Now, CONFIG_MEMORY_HOTREMOVE selects this.
CONFIG_PAGE_ISOLATION and CONFIG_MEMORY_HOTREMOVE will be merged later
if there are no one who use this except for hot-removal.



/*
* zone_start_pfn, spanned_pages and present_pages are all
* protected by span_seqlock. It is a seqlock because it has
Index: current_test/mm/page_alloc.c
===================================================================
--- current_test.orig/mm/page_alloc.c 2007-05-08 15:07:20.000000000 +0900
+++ current_test/mm/page_alloc.c 2007-05-08 15:08:34.000000000 +0900
@@ -41,6 +41,7 @@
#include <linux/pfn.h>
#include <linux/backing-dev.h>
#include <linux/fault-inject.h>
+#include <linux/page_isolation.h>

#include <asm/tlbflush.h>
#include <asm/div64.h>
@@ -448,6 +449,9 @@ static inline void __free_one_page(struc
if (unlikely(PageCompound(page)))
destroy_compound_page(page, order);

+ if (page_under_isolation(zone, page, order))
+ return;
+

Using MIGRATE_ISOLATING would avoid a potential list search here.

yes. thank you.

page_idx = page_to_pfn(page) & ((1 << MAX_ORDER) - 1);

VM_BUG_ON(page_idx & (order_size - 1));
@@ -3259,6 +3263,10 @@ static void __meminit free_area_init_cor
zone->nr_scan_inactive = 0;
zap_zone_vm_stats(zone);
atomic_set(&zone->reclaim_in_progress, 0);
+#ifdef CONFIG_PAGE_ISOLATION
+ spin_lock_init(&zone->isolation_lock);
+ INIT_LIST_HEAD(&zone->isolation_list);
i> +#endif
if (!size)
continue;

@@ -4214,3 +4222,182 @@ void set_pageblock_flags_group(struct pa
else
__clear_bit(bitidx + start_bitidx, bitmap);
}
+
+#ifdef CONFIG_PAGE_ISOLATION
+/*
+ * Page Isolation.
+ *
+ * If a page is removed from usual free_list and will never be used,
+ * It is linked to "struct isolation_info" and set Reserved, Private
+ * bit. page->mapping points to isolation_info in it.
+ * and page_count(page) is 0.
+ *
+ * This can be used for creating a chunk of contiguous *unused* memory.
+ *
+ * current user is Memory-Hot-Remove.
+ * maybe move to some other file is better.
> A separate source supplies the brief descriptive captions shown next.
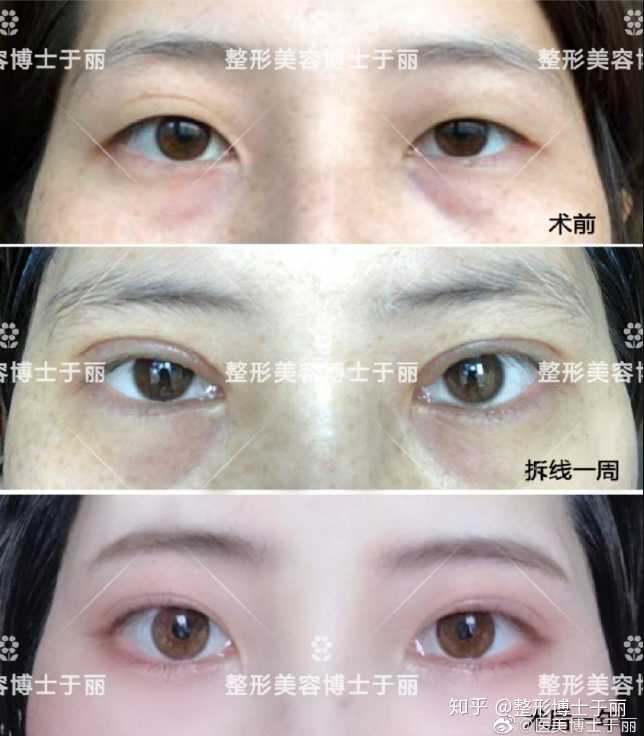 想做双眼皮全切手术,我这样的条件效果好不好,需不需要提肌提眉开眼角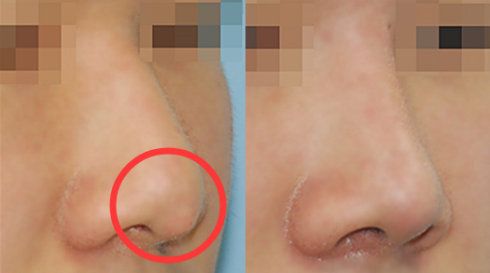 福州哪家醫(yī)院做疤痕好？比較全面的福州疤痕治療醫(yī)院推薦給您！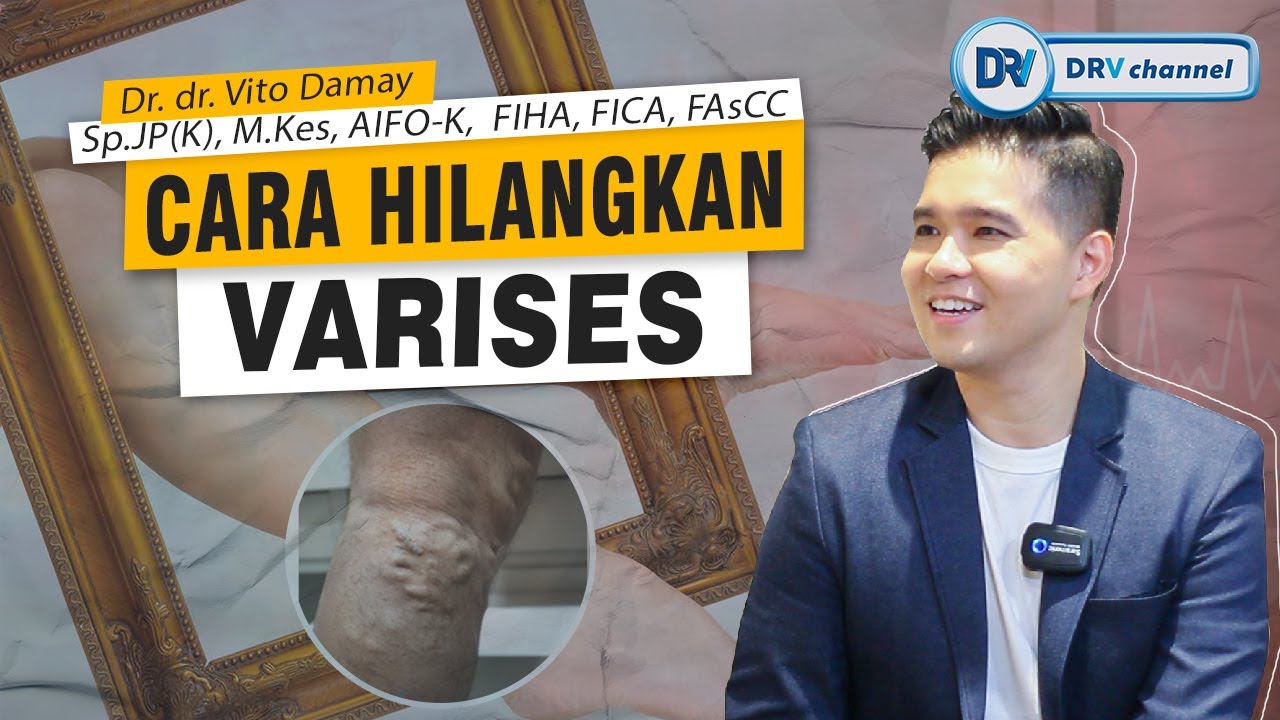 Dr Vito | Penyebab Varises dan Cara Mengatasinya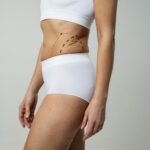 Choosing the Best Doctors in Dubai for Liposuction Procedures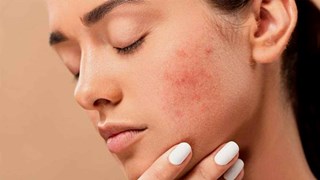 Pimples Ka Gharelu llaj:  प‍िंपल्‍स ने अगर बिगाड़ दी है चेहरे की रंगत, तो अपनाएं ये घरेलू नुस्‍खे, त्वचा हो जाएगी ग्लोइंग और चमकदार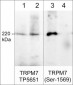 Anti-TRPM7 (Ser-1569), Phosphospecific Antibody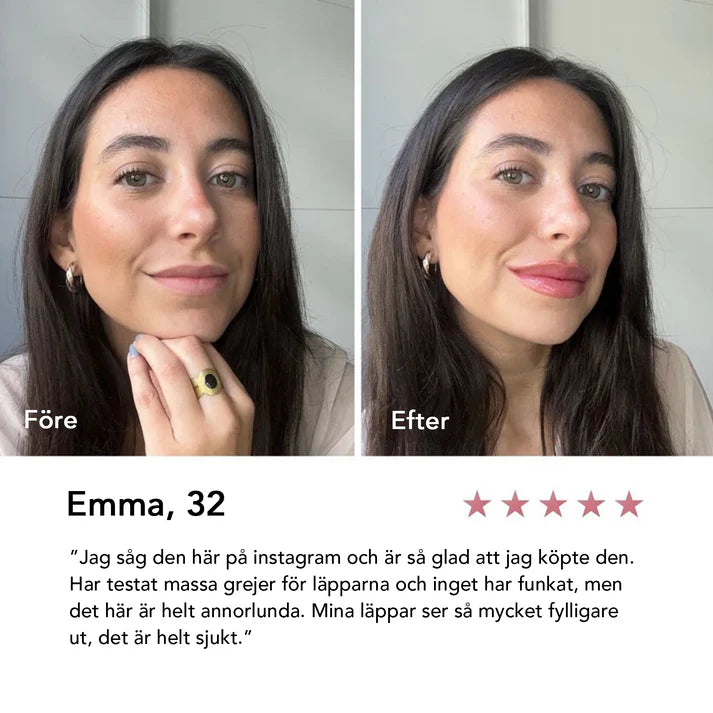 Extreme Lip Plumper
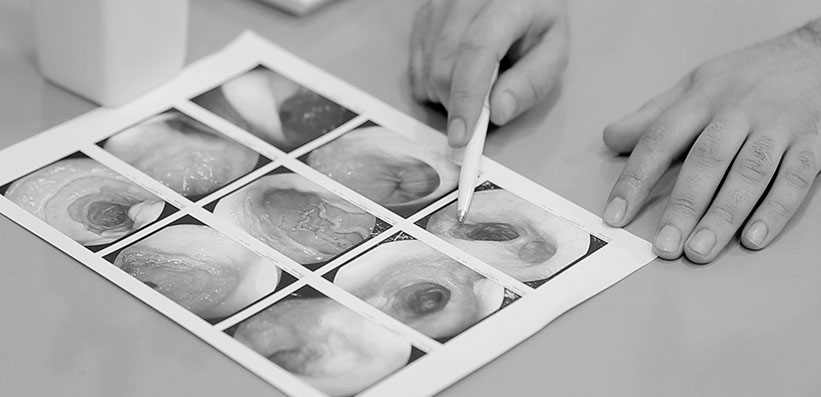 Colorectal Neoplasia Prevalence at ≥10-Year Follow-Up Screening Colonoscopy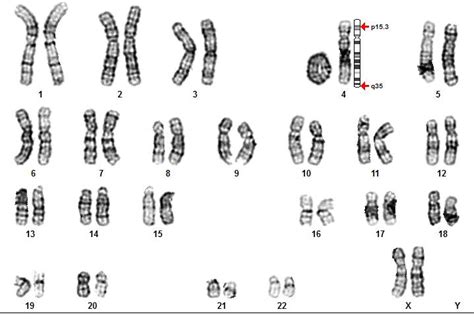 (PDF) Ring Chromosome 4 in a Child with Multiple Congenital Abnormalities: A Case Report and ...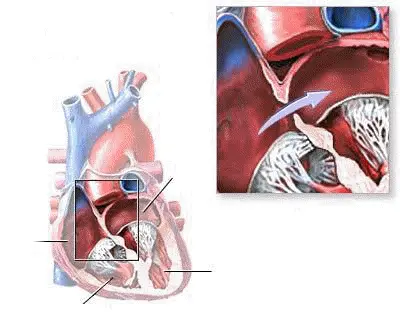 Μεσοκολπική επικοινωνία σε παιδικό φύσημα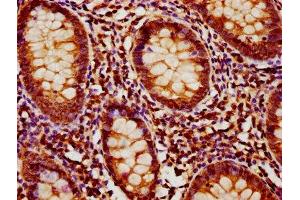 IHC image of ABIN7160120 diluted at 1:1200 and staining in paraffin-embedded human appendix tissue performed on a Leica BondTM system.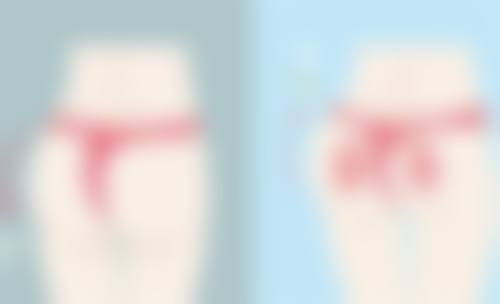 打完瘦脸针多久可以平躺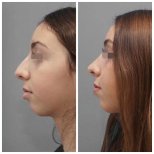 Before and after rhinoplasty results at Assuta Medical Center, improved nose profile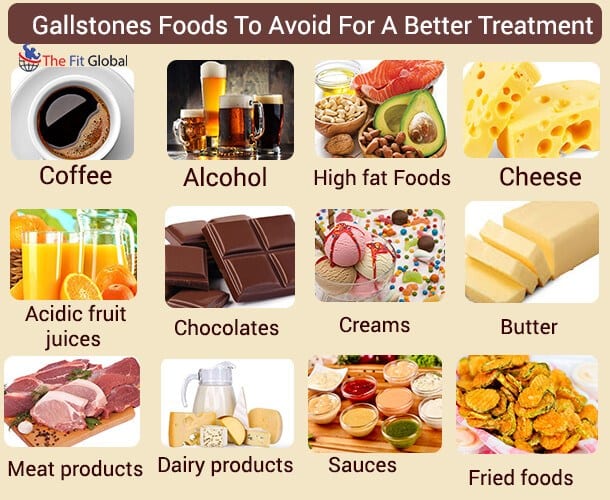 Gallstones Foods To Avoid For A Better Treatment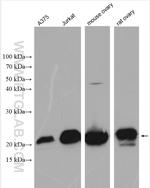 UBE2F Antibody in Western Blot (WB)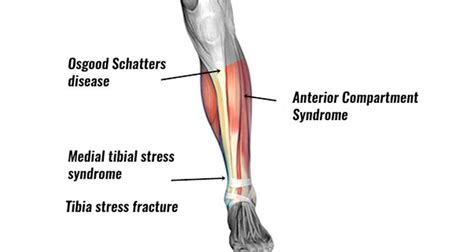 Lump On Lower Leg After Exercise Exercisewalls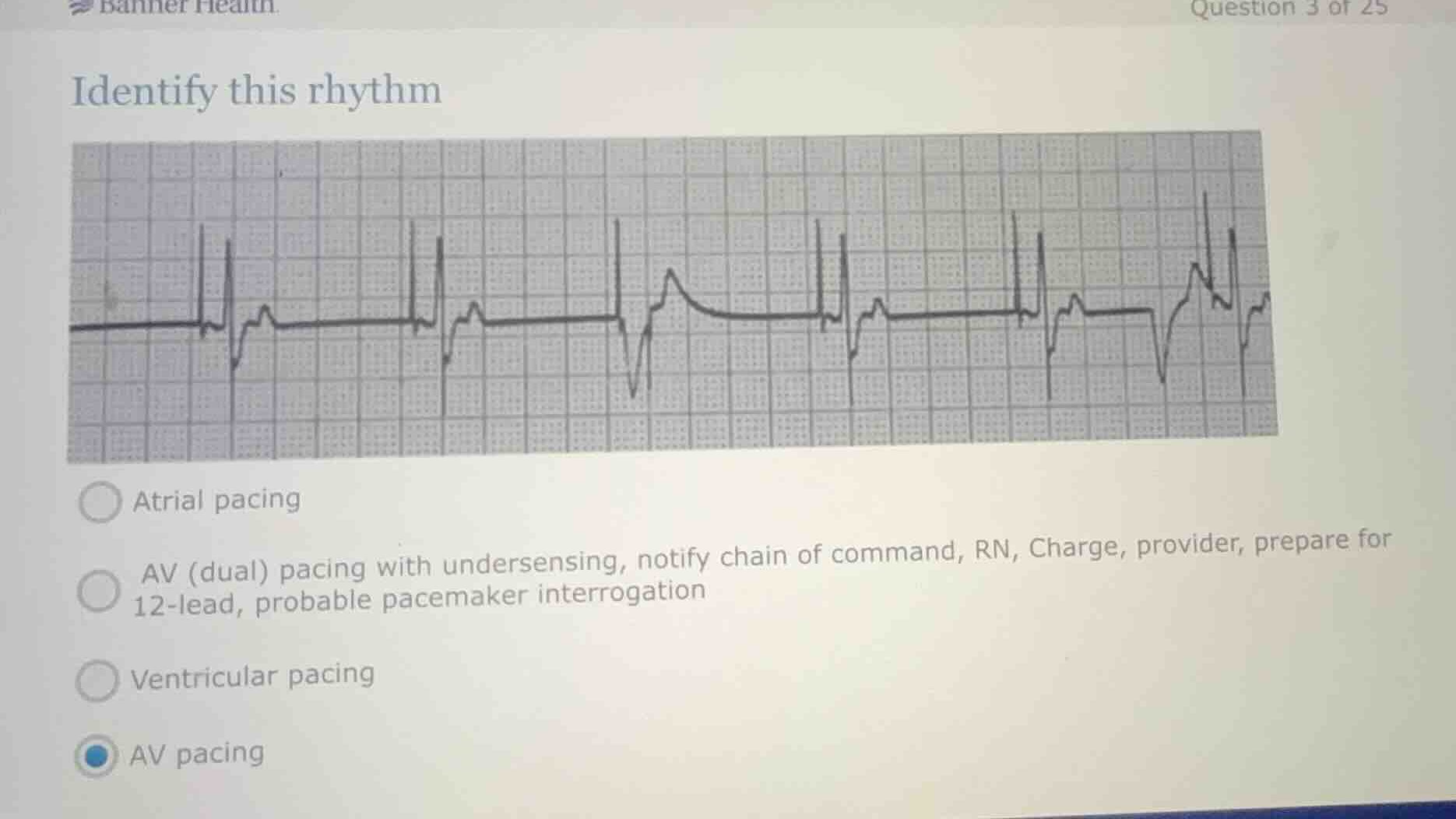 identify this rhythm atrial pacing av (dual) pacing with undersensing, …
page_isolation.c to match the header filename seems reasonable.
page_alloc.c has a lot of multi-function stuff like memory initialisation
in it.

Hmm.


+ */
+static void
+isolate_page_nolock(struct isolation_info *info, struct page *page, int order)
+{
+ int pagenum;
+ pagenum = 1 << order;
+ while (pagenum > 0) {
+ SetPageReserved(page);
+ SetPagePrivate(page);
+ page->private = (unsigned long)info;
+ list_add(&page->lru, &info->pages);
+ page++;
+ pagenum--;
+ }
+}

It's worth commenting somewhere that pages on the list in isolation_info
are always order-0.

okay.

+
+/*
+ * This function is called from page_under_isolation()
+ */
+
+int __page_under_isolation(struct zone *zone, struct page *page, int order)
+{
+ struct isolation_info *info;
+ unsigned long pfn = page_to_pfn(page);
+ unsigned long flags;
+ int found = 0;
+
+ spin_lock_irqsave(&zone->isolation_lock,flags);

An unwritten convention seems to be that __ versions of same-named
functions are the nolock version. i.e. I would expect
page_under_isolation() to acquire and release the spinlock and
__page_under_isolation() to do no additional locking.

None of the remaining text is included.